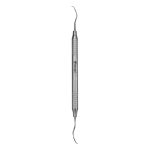 Medesy Curette Gracey No. 13-14 Short with 8mm Dia. Hollow Handle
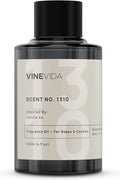 VINEVIDA Scent NO. 1310 Fragrance Oil - 120mL (4oz) - Inspired by: Vanille 44 Fragrance Oil for Candle Making - Made in USA Candle Scents Scents for Soap Making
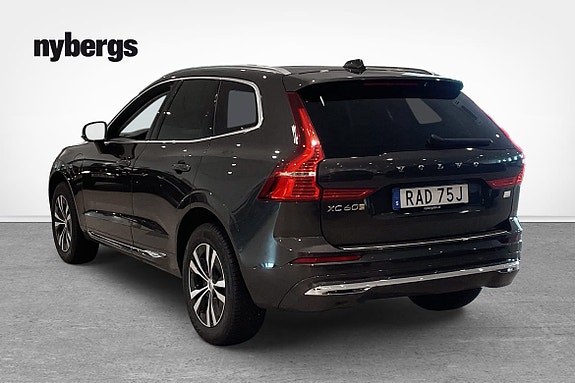 Volvo XC60 3 of 13
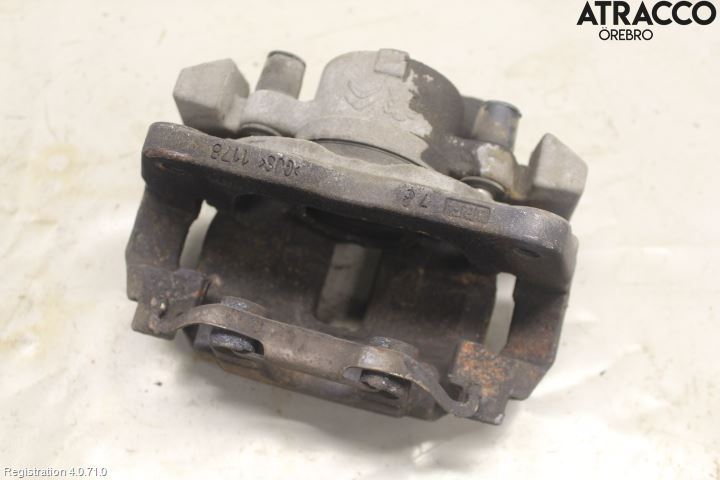Peugeot 3008 17-24 Bremsecaliper Foran Høyre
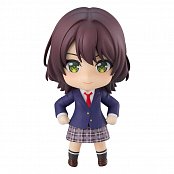 Bottom-Tier Character Tomozaki Nendoroid Actionfigur Aoi Hinami 10 cm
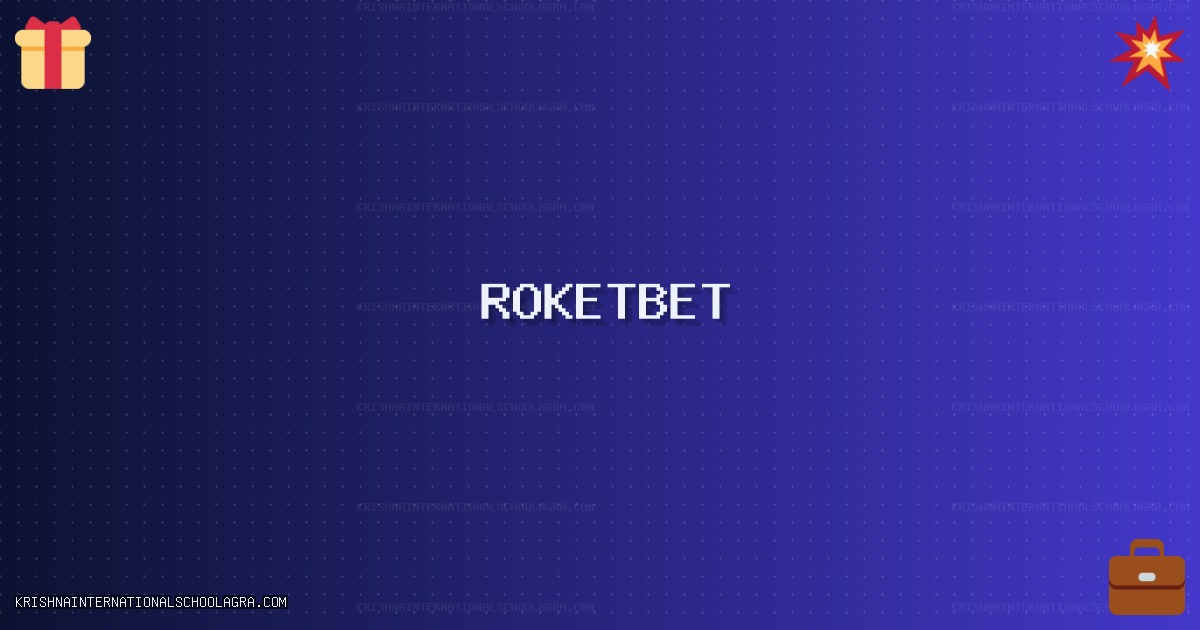 Roketbet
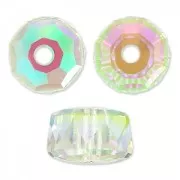 PureCrystal 5045 6 mm Rounds - Crystal Paradise Shine (6-pack)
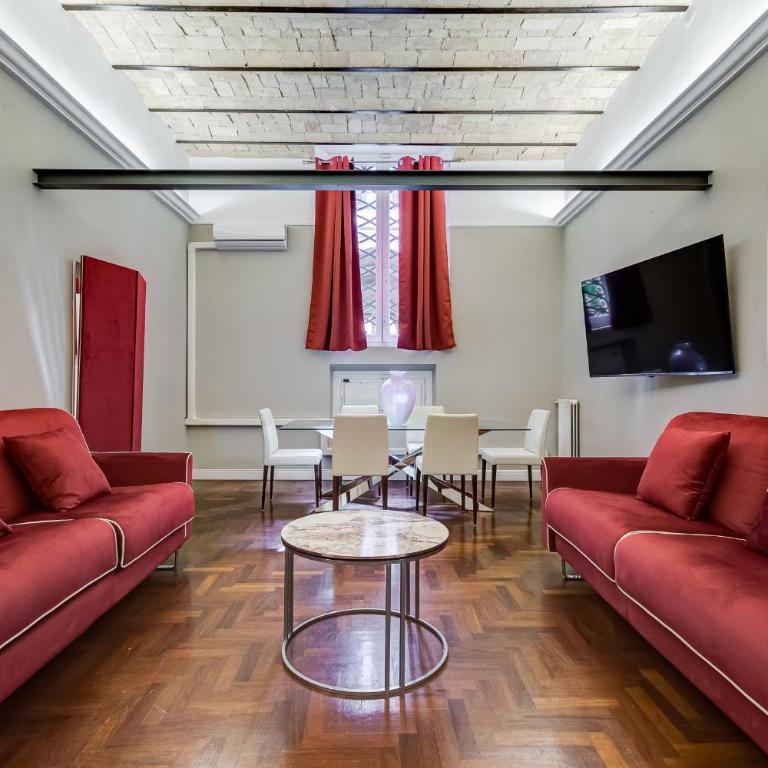 SPANISH GARDEN - Appartamento con 2 Camere da Letto - 6
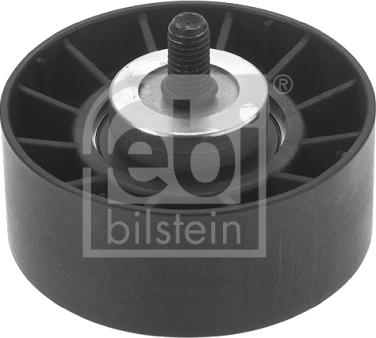 Febi Bilstein 17674 - Galoppino / Guidacinghia, Cinghia Poly-V autozon.pro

◇ ◇ ◇ ◇

## WORK TO COMPLETE
Retype every entry verbatim and exclude the pictures from the copy.

## EXPECTED ANSWER
 Medesy Curette Gracey No. 13-14 Short with 8mm Dia. Hollow Handle
 VINEVIDA Scent NO. 1310 Fragrance Oil - 120mL (4oz) - Inspired by: Vanille 44 Fragrance Oil for Candle Making - Made in USA Candle Scents Scents for Soap Making
 Volvo XC60 3 of 13
Peugeot 3008 17-24 Bremsecaliper Foran Høyre
 Bottom-Tier Character Tomozaki Nendoroid Actionfigur Aoi Hinami 10 cm
 Roketbet
 PureCrystal 5045 6 mm Rounds - Crystal Paradise Shine (6-pack)
 SPANISH GARDEN - Appartamento con 2 Camere da Letto - 6
 Febi Bilstein 17674 - Galoppino / Guidacinghia, Cinghia Poly-V autozon.pro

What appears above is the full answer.